Records from a dataset

——————

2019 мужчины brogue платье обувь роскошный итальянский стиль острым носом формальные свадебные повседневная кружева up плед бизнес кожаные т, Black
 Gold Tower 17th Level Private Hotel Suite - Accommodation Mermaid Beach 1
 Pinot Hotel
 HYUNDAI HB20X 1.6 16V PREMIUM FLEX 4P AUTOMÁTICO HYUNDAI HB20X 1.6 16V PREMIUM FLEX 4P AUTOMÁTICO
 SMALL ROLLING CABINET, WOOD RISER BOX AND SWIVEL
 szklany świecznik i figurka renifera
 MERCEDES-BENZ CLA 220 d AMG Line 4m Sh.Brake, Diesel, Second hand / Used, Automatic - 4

——————

Action item
Reproduce only the lines between the line containing "Gold Tower 17th" and the last line of the records, those two lines included, exactly.

Answer area
 Gold Tower 17th Level Private Hotel Suite - Accommodation Mermaid Beach 1
 Pinot Hotel
 HYUNDAI HB20X 1.6 16V PREMIUM FLEX 4P AUTOMÁTICO HYUNDAI HB20X 1.6 16V PREMIUM FLEX 4P AUTOMÁTICO
 SMALL ROLLING CABINET, WOOD RISER BOX AND SWIVEL
 szklany świecznik i figurka renifera
 MERCEDES-BENZ CLA 220 d AMG Line 4m Sh.Brake, Diesel, Second hand / Used, Automatic - 4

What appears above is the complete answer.